• Exercise requirements
In your reply, repeat the full listing exactly and leave each picture out.

• Supplied material
——————
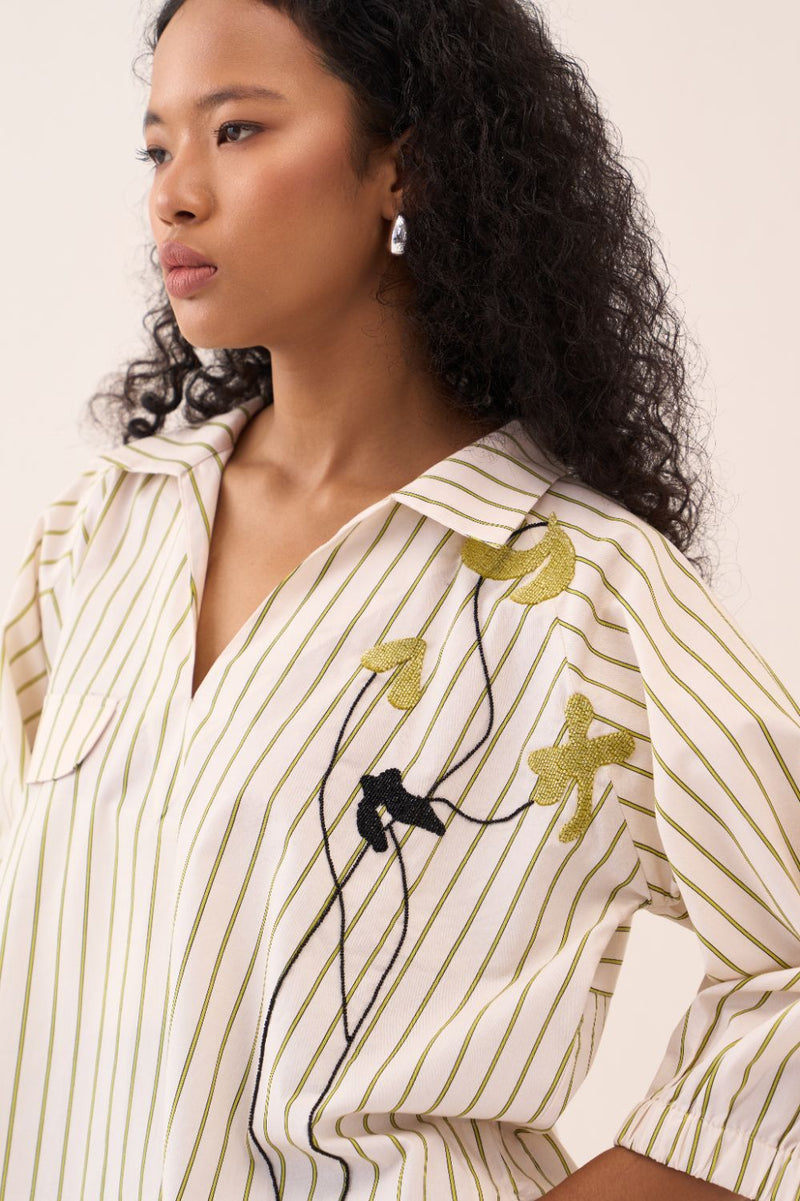 Beaded V-Neck Top poplin by THREE in beige color for women Worldwide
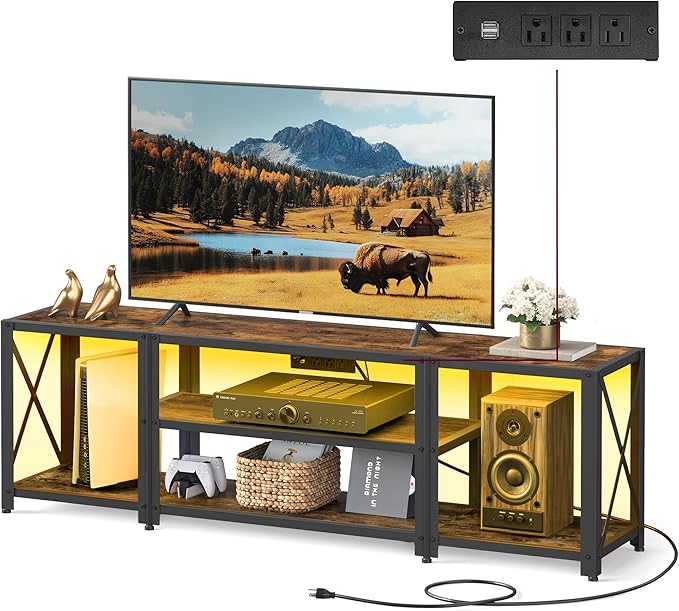 VASAGLE TV Stand with Power Outlets and LED Lights for TVs up to 60 Inches Entertainment Center with Open Storage Shelves TV Console Table for Living Room Rustic Brown and Ink Black ULTV121K01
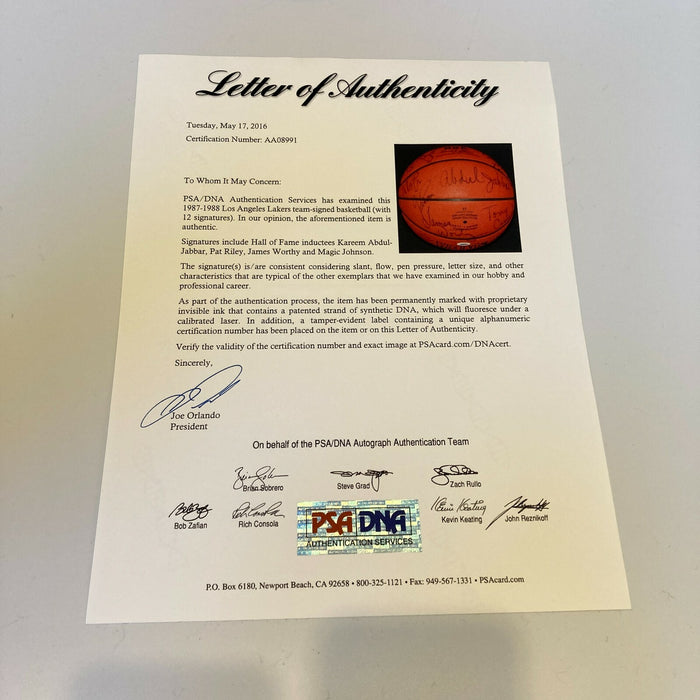 1987-88 Los Angeles Lakers NBA Champions Team Signed NBA Game Basketball PSA DNA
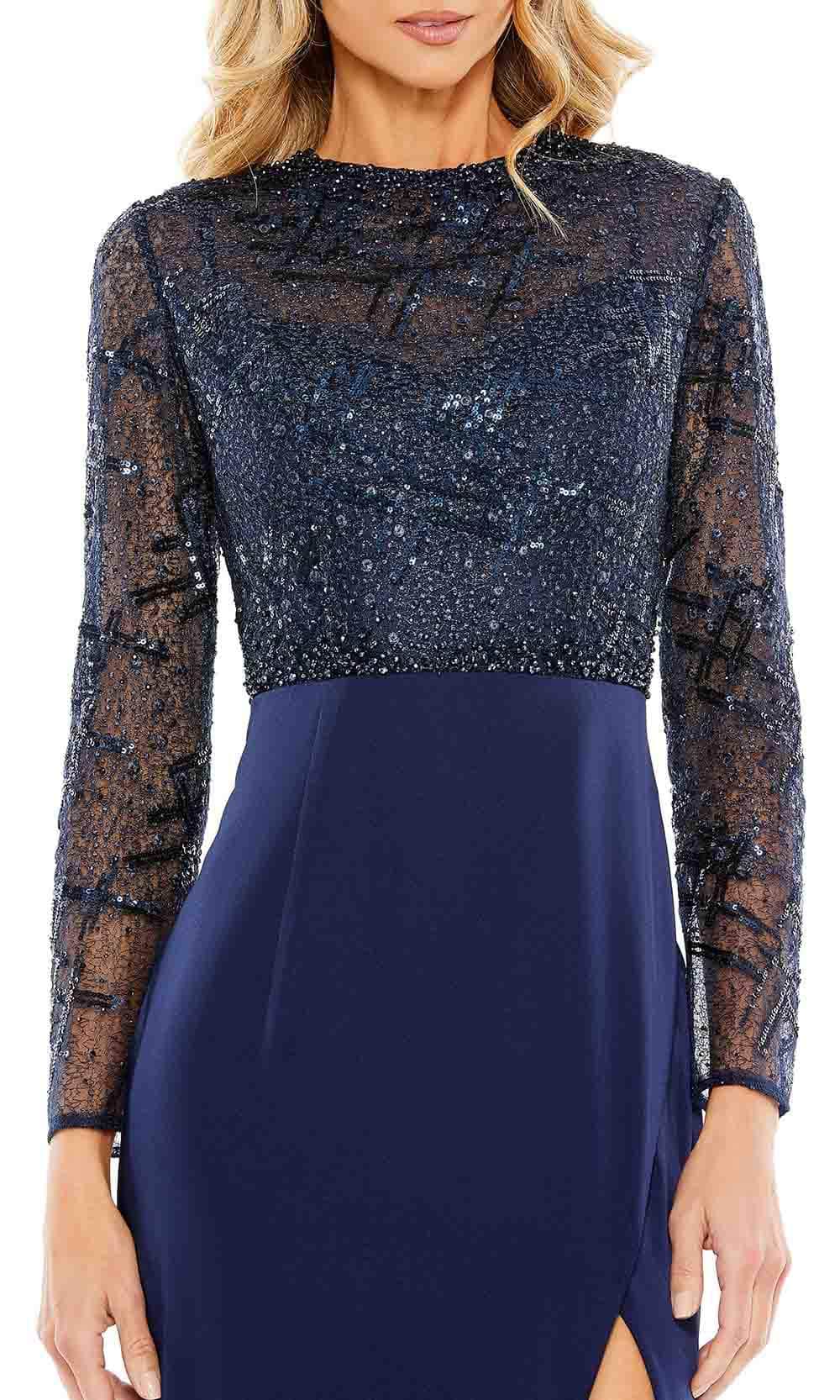 High Neck Embellished Fitted Bodice Evening Dress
——————
• Result below
 Beaded V-Neck Top poplin by THREE in beige color for women Worldwide
 VASAGLE TV Stand with Power Outlets and LED Lights for TVs up to 60 Inches Entertainment Center with Open Storage Shelves TV Console Table for Living Room Rustic Brown and Ink Black ULTV121K01
 1987-88 Los Angeles Lakers NBA Champions Team Signed NBA Game Basketball PSA DNA
 High Neck Embellished Fitted Bodice Evening Dress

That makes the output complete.